At the concert, however, you might as well have not known that the new album exists. They made no mention of it whatsoever, and although the setlist is unsurprisingly similar to the album's tracklist, the renditions were essentially the classic arrangements that they've been playing since the beginning. The only exceptions to the standard mold were that Mac sang the updated lyrics to "Bedbugs and Ballyhoo" and they performed one of the new songs from the album, "The Somnambulist". Although it's a good song and it did fit in with the rest of the set, Mac's claim that "Everyone'll say that's a classic in twenty years" is probably unrealistic.

The only other surprises were the various teases of the band's favorite songs that they threw into the middle of "Villiers Terrace" and "Nothing Lasts Forever". However, even that wasn't really a surprise at all; they've been doing that practically since the beginning. Still, it's fun to see them do it live. Musically, they were consistently on point. The could hammer out these songs without even trying, but thankfully they still invest them with energy and strength. The fact that the setlist is so predictable is a bit disappointing, but at least the songs they do always play are a superb selection.

The biggest disappointment, however, was Mac's voice. For the most part, he still sings well enough, but he can't hit the notes like he used to. In "Never Stop", "The Cutter", and "Ocean Rain" in particular, he changed some of the melodies to a lower register. It seemed like he was trying to give his all for "The Cutter", but he couldn't quite make it each time and he sometimes opted for the easy route. On other songs, you could hear his voice stretch and fail. "The Killing Moon" was unfortunately the worst example. Most of the song was great, but I guess he figured he couldn't just skip the highest parts. He tried his best, but he just couldn't do it. In general, there was an element of power in his voice that was missing. The best Bunnymen songs feature sections where Mac would belt out in an almost unbelievably strong voice, and that just didn't quite happen.
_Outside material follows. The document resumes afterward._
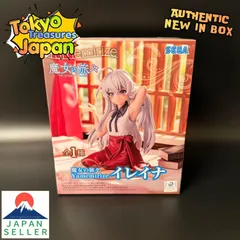 魔女の旅々 Yumemirize “イレイナ”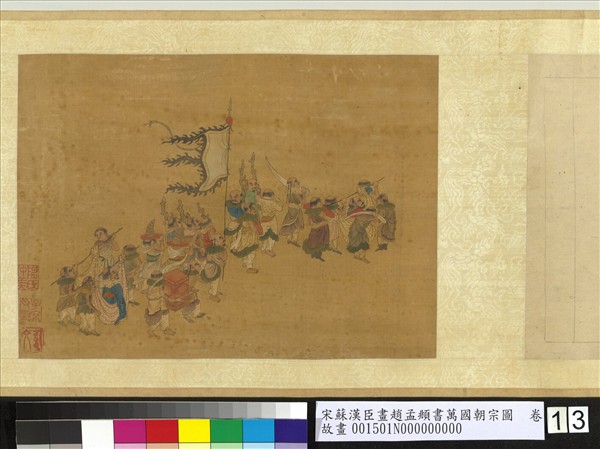 宋蘇漢臣畫趙孟頫書萬國朝宗圖　卷　第八幅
For a band that got their start just about 40 years ago, though, they still have a lot to offer. The songs are as good as ever, and the fact that they are still able to throw a new one in the mix that isn't an obvious dud is reassuring. I wish they would've thrown in some more obscurities or simply played a longer set, but they lived up to their reputation of being a capable and well-honed band.

And They Spoke in Anthems: C
Echo & the Bunnymen: B

P.S. Unfortunately, we weren't granted any special treats for Halloween. In fact, Mac claimed to "hate Halloween". I wasn't able to understand his explanation, though.